Each week, we round up the most exciting film events happening in London over the coming week, from pop-ups and one-offs to regular film clubs, outdoor screenings and festivals. Here’s this week’s top five.
‘Gas Food Lodging’ + Ione Skye Q&A
The inimitable Ione Skye – artist, star of ‘River’s Edge’ and ‘Say Anything…’ and former Beastie bride – comes to the Genesis to discuss Allison Anders’s extraordinary US indie as part of the Genesis’s year of films directed by women. Nora (Brooke Adams) waits tables and scrapes by, single-handedly raising two teenage daughters (Skye and Fairuza Balk) in a clapped-out trailer. Far from gloomy fare, this offers humour, wry observation and sympathetic characterisation. Without patronising her characters Anders captures the frustrations of both generations. Delightfully oddball and strangely sane.
Genesis Cinema, 93–95 Mile End Rd, E1 4UJ. Thu Feb 23, 6.30pm. £8, £7 concs.
‘Hairspray’ + ‘Multiple Maniacs’
A pair of john Waters’s most gloriously trashy epics. The relatively commercial ‘Hairspray’ is a retro schlock-fancier’s delight. Tracy Turnblad (Ricki Lake), teen offspring of Edna (Divine), dreams of winning the dance crown on The Corny Collins Show on TV, but falls foul of bitchy queen-of-the-hop Amber and her grotesquely unscrupulous parents. In ‘Multiple Maniacs’, Divine presides over a travelling show called The Cavalcade of Perversion, which lures in punters with the promise of fetish acts before robbing them at gunpoint.
Rio, 107 Kingsland High St, E8 2PB. Sun Feb 26, 2.30pm. £11, £9 concs.
Audience Choice: ‘Saturday Night Fever’
It was sold as a disco movie for party people, but this is really about Growing Up – which the movie interprets as Growing Out of a Disco Mentality and into Personal Relationships. The relationship between Tony (John Travolta) and Stephanie (Karen Lynn Gorney) is suitably angst-ridden, but like almost everything else in the movie, it’s played dead straight. The result is a film that’s darker than you remember, and a fitting (if decidedly white-skinned) tribute to the greatest drug-culture movement of the 1970s.
BFI Southbank, Belvedere Rd, SE1 8XT. Sun Feb 26, 8.40pm. £8.35–£11.75.
‘Easy Rider’ + ‘Electra Glide in Blue’
A double bill of hippie-era motorcycle nightmares. ‘Electra Glide in Blue’ was a striking one-off by former record producer James William Guercio. It’s a weirdly funny black comedy about an undersized cop, barely five feet tall but nursing a dream of becoming a Clint Eastwood hero.

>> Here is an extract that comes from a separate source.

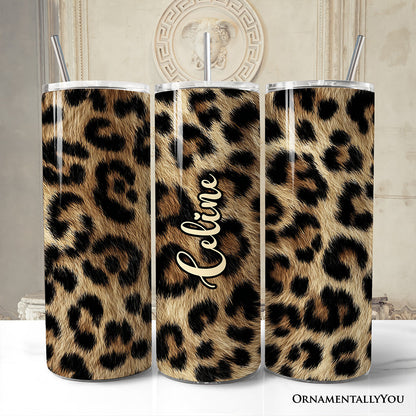 Wild Leopard Spot Pattern 20oz Personalized Tumbler With Lid and Stainless Steel Straw, Stylish Wildlife Gift Cup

The message may be a little naïve when he finally opts for humanity rather than authoritarianism, but the film has an extraordinary texture, peeling away layer after layer to reveal dark depths of loneliness and despair. ‘Easy Rider’ is, of course, a simplistic but memorable amalgam of travelogue and the zoom lens, as beatific Peter Fonda goes looking for America.

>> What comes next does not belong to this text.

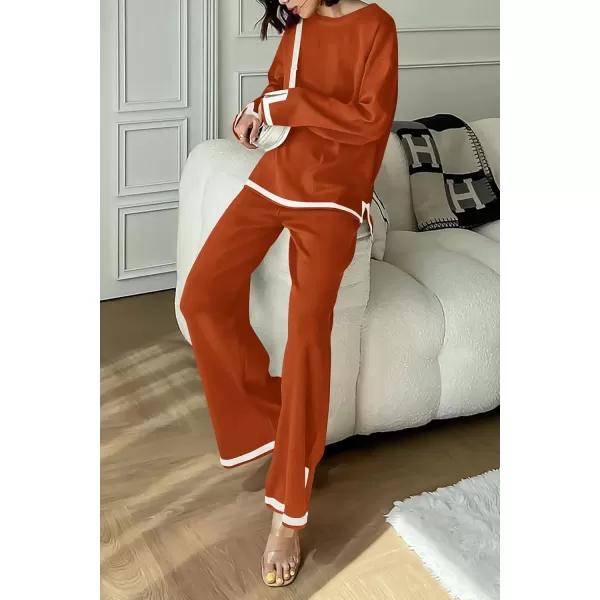 PRETTYGARDEN Womens 2 Piece Knit Sweater Set Casual Long Sleeve Pullover Wide Leg Pants Sweatsuit Tracksuit OutfitCaramel
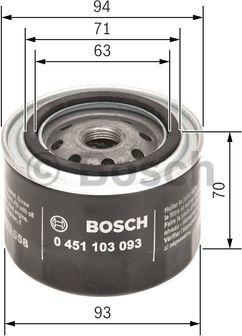 BOSCH 0 451 103 093 - Масляный фильтр autospares.lv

Prince Charles Cinema, 7 Leicester Place, WC2H 7BP. Mon Feb 27, 6.30pm. £7.50.
Kelly Reichardt double bill: ‘Old Joy’ + ‘Wendy & Lucy’

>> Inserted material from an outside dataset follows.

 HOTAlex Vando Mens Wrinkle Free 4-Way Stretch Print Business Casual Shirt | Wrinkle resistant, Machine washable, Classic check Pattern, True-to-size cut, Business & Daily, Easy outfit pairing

To celebrate the release of Kelly Reichardt’s dazzling latest, ‘Certain Women’, the Picturehouses are screening her earlier films as a series of double bills. Based on a short story by co-screenwriter Jonathan Raymond, ‘Old Joy’ follows two old buddies on a weekend away. But the steady quietness of Reichardt’s approach lends a tension and wonder to the long shots of winding road, forest wildlife, and pensive faces in repose. ‘Wendy and Lucy’ is still Reichardt’s best film, the heartbreaking story of a lost girl (Michelle Williams) and her lost dog.
Picturehouse Central, 20–24 Shaftesbury Ave, W1D 7DH. Sun Feb 26, 1pm. £20.